**The records**:
════════════════════
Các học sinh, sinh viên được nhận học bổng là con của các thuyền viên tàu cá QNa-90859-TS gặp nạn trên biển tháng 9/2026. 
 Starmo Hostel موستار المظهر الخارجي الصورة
════════════════════
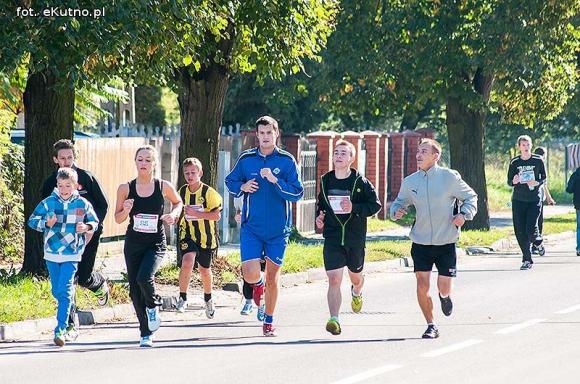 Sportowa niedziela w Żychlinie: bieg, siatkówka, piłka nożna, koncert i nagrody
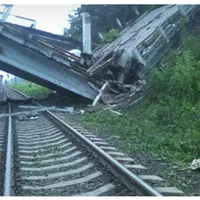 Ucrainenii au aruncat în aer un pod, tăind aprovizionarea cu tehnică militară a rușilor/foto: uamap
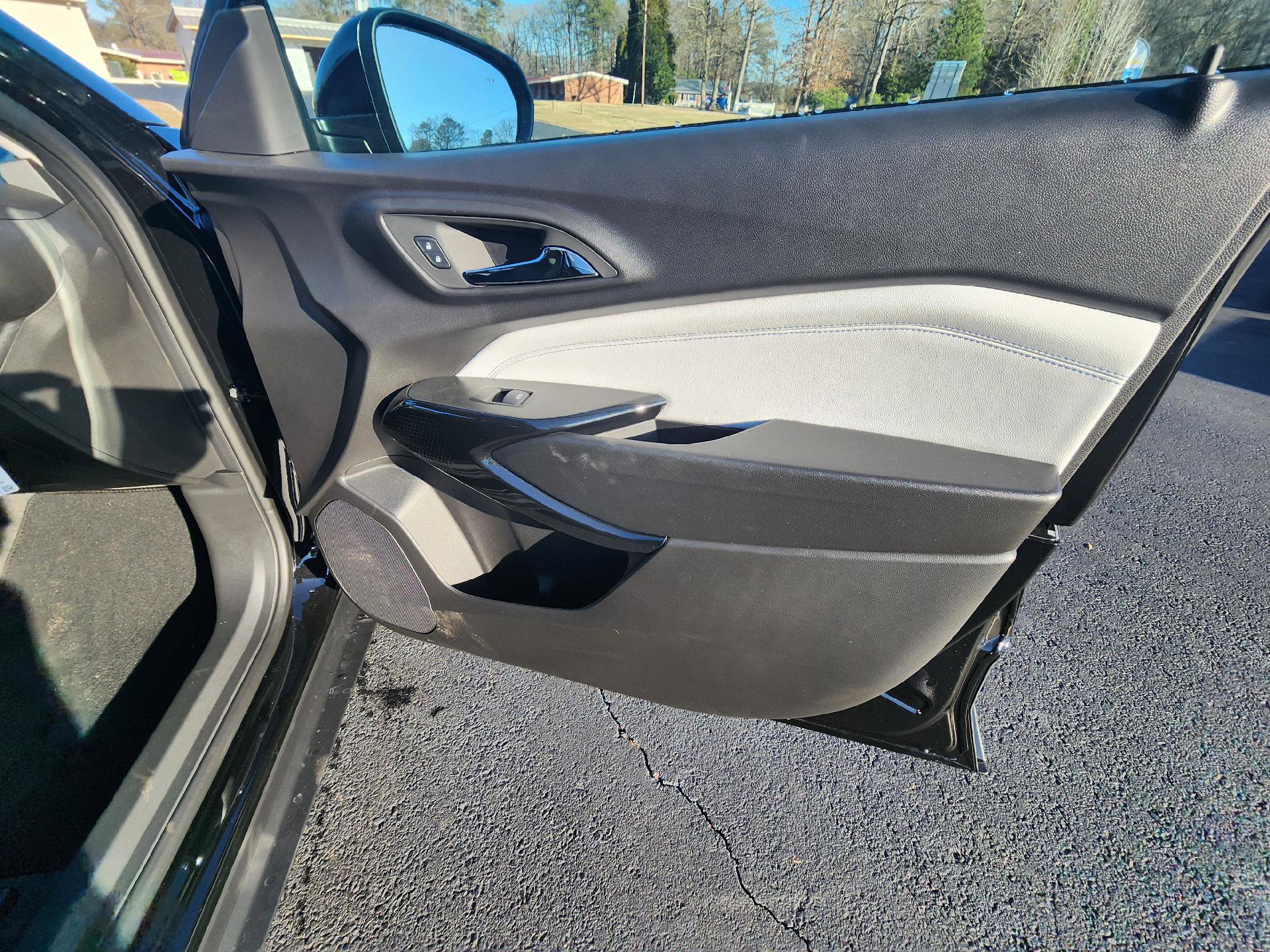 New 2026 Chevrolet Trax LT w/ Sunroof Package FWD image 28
════════════════════
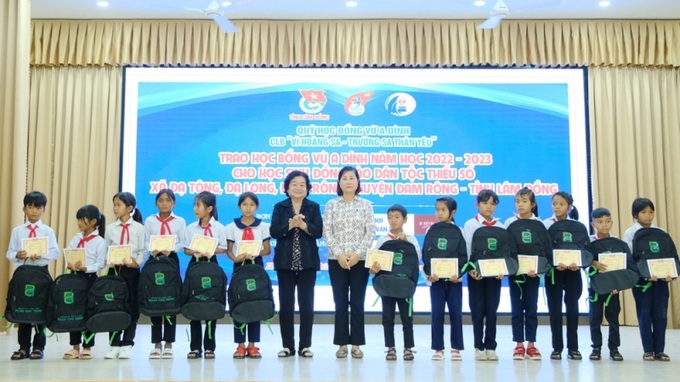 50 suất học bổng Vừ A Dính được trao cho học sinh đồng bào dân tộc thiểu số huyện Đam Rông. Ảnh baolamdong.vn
════════════════════
**Problem to work on**:
In the listing above, find the line containing "Ucrainenii au aruncat" and the line containing "New 2026 Chevrolet", then print exactly those two lines and every line between them, minus the pictures.

**Written answer**:
 Ucrainenii au aruncat în aer un pod, tăind aprovizionarea cu tehnică militară a rușilor/foto: uamap
 New 2026 Chevrolet Trax LT w/ Sunroof Package FWD image 28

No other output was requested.